一般社団法人は、2006年の公益法人制度改革により、新しく設けられた法人格です。

旧制度にも民法に基づいた「社団法人」がありましたが、事業に公益性(広く社会一般の利益に寄与すること)が必要で、管轄官庁の設立許可を得なければならないなど、簡単には設立できないものでした。

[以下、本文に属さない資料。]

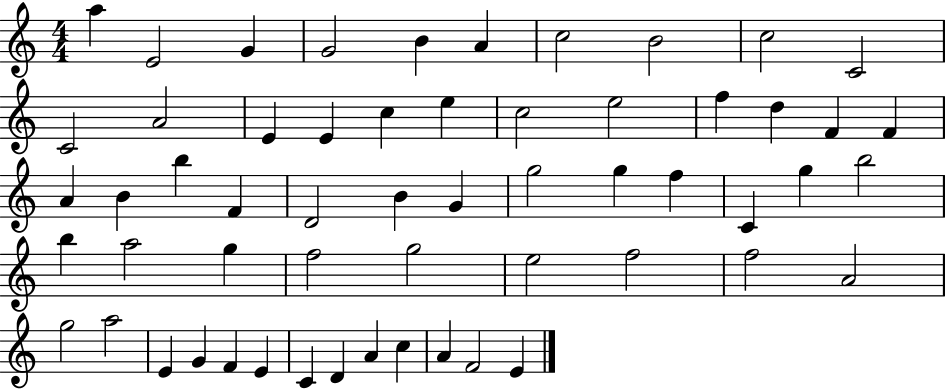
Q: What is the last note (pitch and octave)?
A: E4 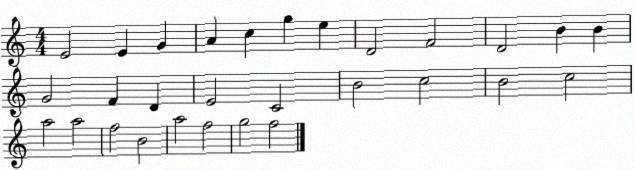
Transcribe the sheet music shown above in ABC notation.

X:1
T:Untitled
M:4/4
L:1/4
K:C
E2 E G A c g e D2 F2 D2 B B G2 F D E2 C2 B2 c2 B2 c2 a2 a2 f2 B2 a2 f2 g2 f2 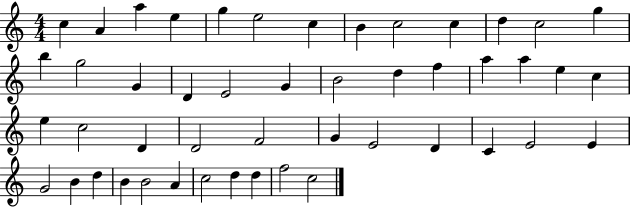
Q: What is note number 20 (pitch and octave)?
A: B4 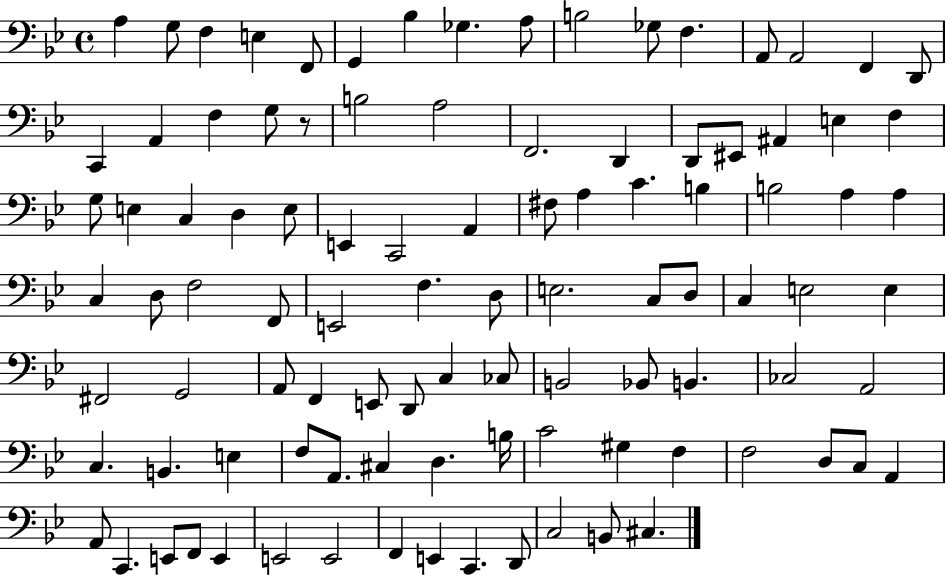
X:1
T:Untitled
M:4/4
L:1/4
K:Bb
A, G,/2 F, E, F,,/2 G,, _B, _G, A,/2 B,2 _G,/2 F, A,,/2 A,,2 F,, D,,/2 C,, A,, F, G,/2 z/2 B,2 A,2 F,,2 D,, D,,/2 ^E,,/2 ^A,, E, F, G,/2 E, C, D, E,/2 E,, C,,2 A,, ^F,/2 A, C B, B,2 A, A, C, D,/2 F,2 F,,/2 E,,2 F, D,/2 E,2 C,/2 D,/2 C, E,2 E, ^F,,2 G,,2 A,,/2 F,, E,,/2 D,,/2 C, _C,/2 B,,2 _B,,/2 B,, _C,2 A,,2 C, B,, E, F,/2 A,,/2 ^C, D, B,/4 C2 ^G, F, F,2 D,/2 C,/2 A,, A,,/2 C,, E,,/2 F,,/2 E,, E,,2 E,,2 F,, E,, C,, D,,/2 C,2 B,,/2 ^C,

新制度での社団法人は、「一般社団法人及び一般財団法人に関する法律」に基づき、主に公益事業を行う「公益社団法人」と「一般社団法人」に二分化。一般社団法人については、事業の公益性の有無に関わらず、一定の手続きと登記を行えば誰でも設立が可能です。官庁の許可も不要で、簡単に法人格を得ることができます。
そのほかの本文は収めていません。